**WHAT THE EXERCISE ASKS:** Exact copy, pictures excluded: output the lines from the opening of the entries through the line bearing "TTYSHIP® 16 Stück".

**Short web captions:**
————————

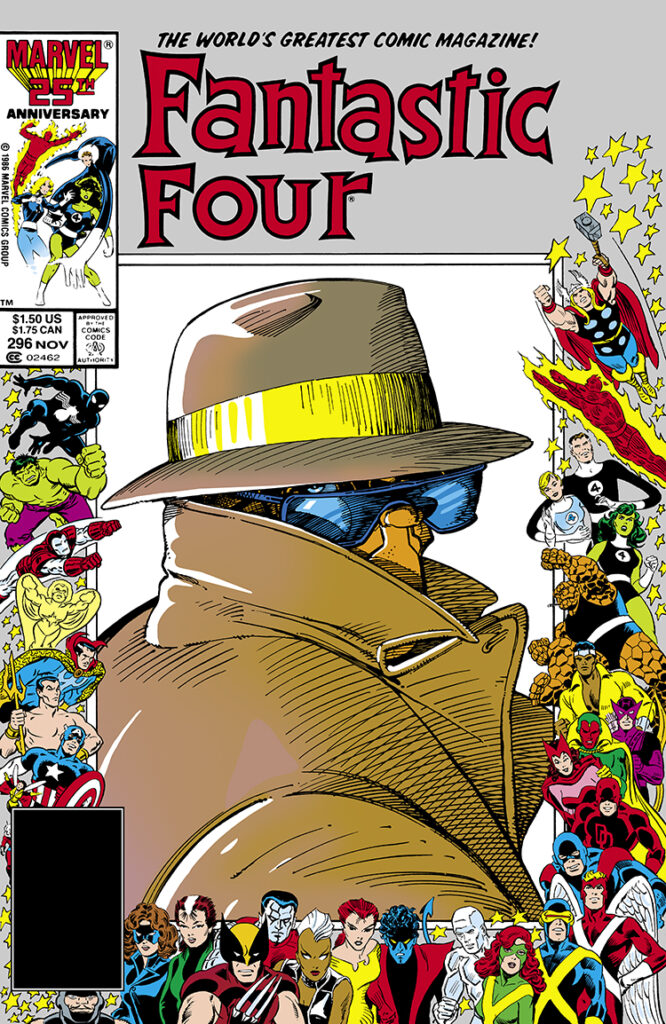 Fantastic Four #296 cover; pencils and inks, Barry Windsor-Smith, Ben Grimm, Thing, Marvel 25th Anniversary frame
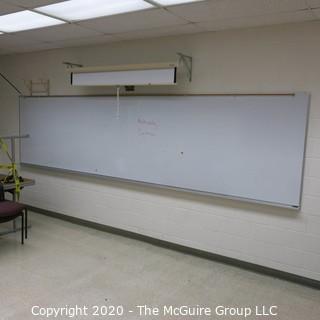 4' X 16' WHITE BOARD IN METAL FRAME (BUYER TO REMOVE FROM WALL)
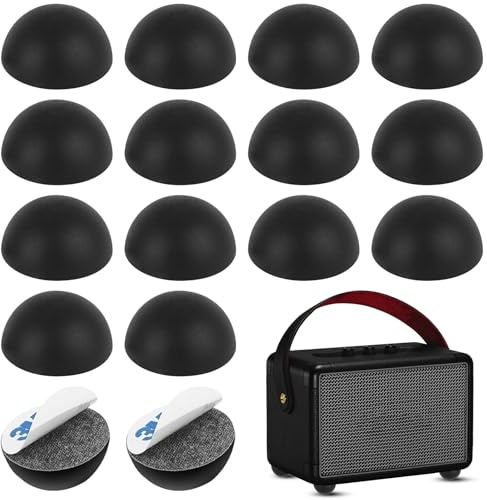 TTYSHIP® 16 Stück Subwoofer Füße, 30mm x 15mm Selbstklebend Silikon Füße Lautsprecher für Haushaltsgeräte, Möbel, Lautsprecher (Schwarz)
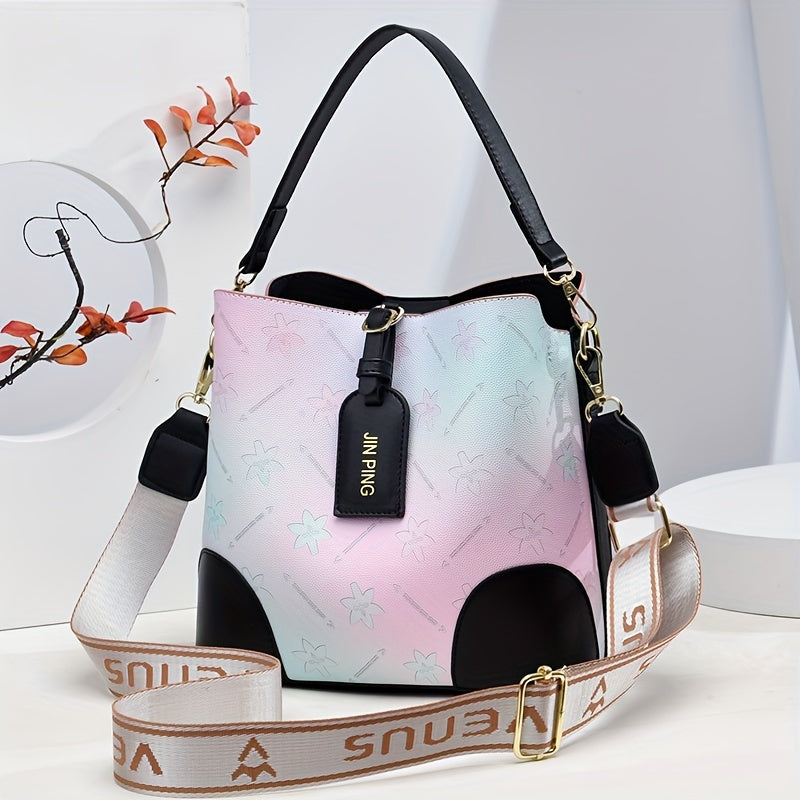 [Trendy Bucket Bag] Trendy Ombre Bucket Bag | Letter Print Handbag, Fashion Buckle Decor, Women's Every Day Purses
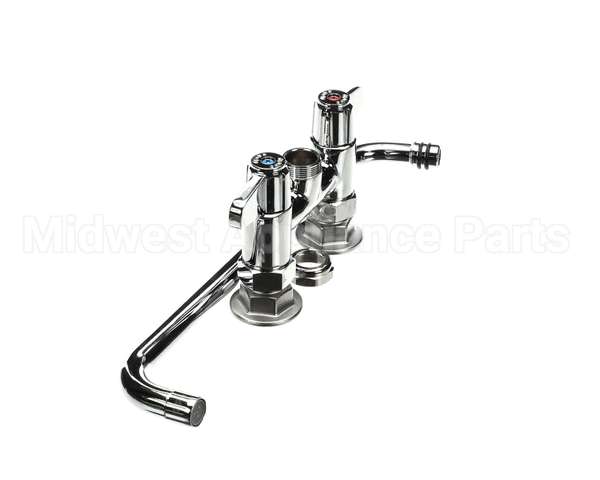 5F-4DLX14 T&S Brass Faucet, Deck Mount, 4 Centers, 14 Swing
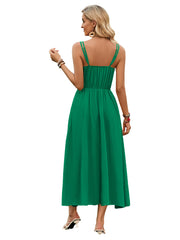 Solid Color Suspender Long Dress Spring And Summer Bow Waist Tie Design Dress Womens Clothing - Fashionner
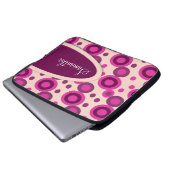 Polka-Punkt-personalisierte Laptop-Hülse: Pink Laptopschutzhülle (Vorne Knopf)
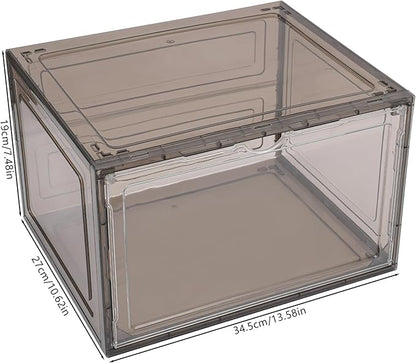 12pcs Acrylic Shoe Box, Shoe Container Stackable Shoe Organizer Acrylic Display Case Sneaker Storage Sturdy Magnet for Entryway, Closets, Bedrooms, Bathrooms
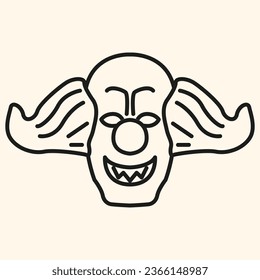 Vector Line art illustration horror clown. Simple outline clown. halloween scary clown
icon lineart for the illustration design, website and graphic design.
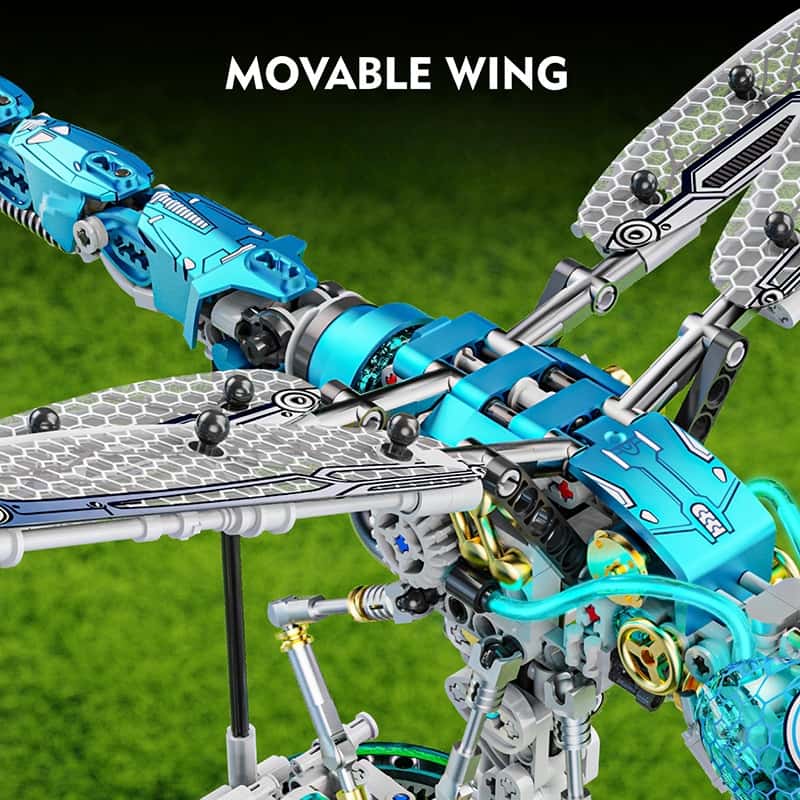 Mechanical dragonfly building blocks new steampunk dragonfly assembly toy model desktop ornaments boy gift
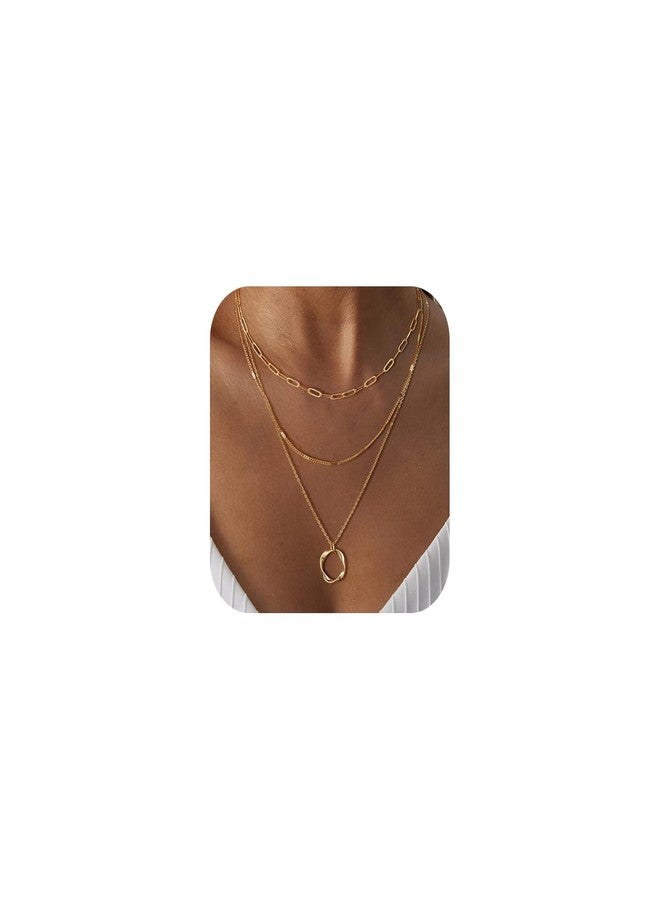 VIROMY Gold Necklace for Women 14k Gold Chain Necklaces Dainty Layered Necklaces Simple Stackable Pendant Necklaces Paperclip Dot Chain Choker Jewelry for Women - Image 1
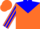 Orange, Blue Yoke, striped sleeves, orange cap
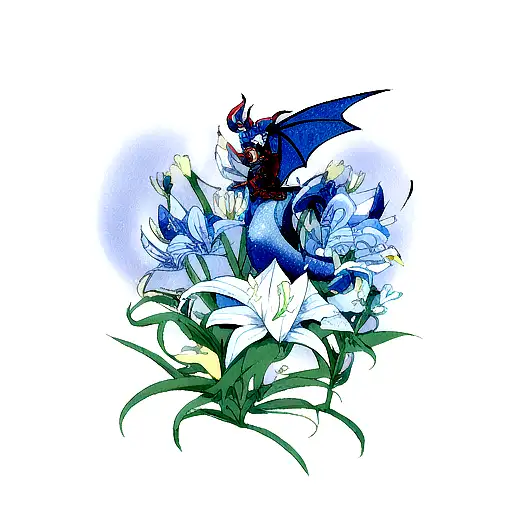A Japanese Style Dragon Suronded By Three Blue Spider Lillies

————————

**WRITTEN RESPONSE:**
 Fantastic Four #296 cover; pencils and inks, Barry Windsor-Smith, Ben Grimm, Thing, Marvel 25th Anniversary frame
 4' X 16' WHITE BOARD IN METAL FRAME (BUYER TO REMOVE FROM WALL)
 TTYSHIP® 16 Stück Subwoofer Füße, 30mm x 15mm Selbstklebend Silikon Füße Lautsprecher für Haushaltsgeräte, Möbel, Lautsprecher (Schwarz)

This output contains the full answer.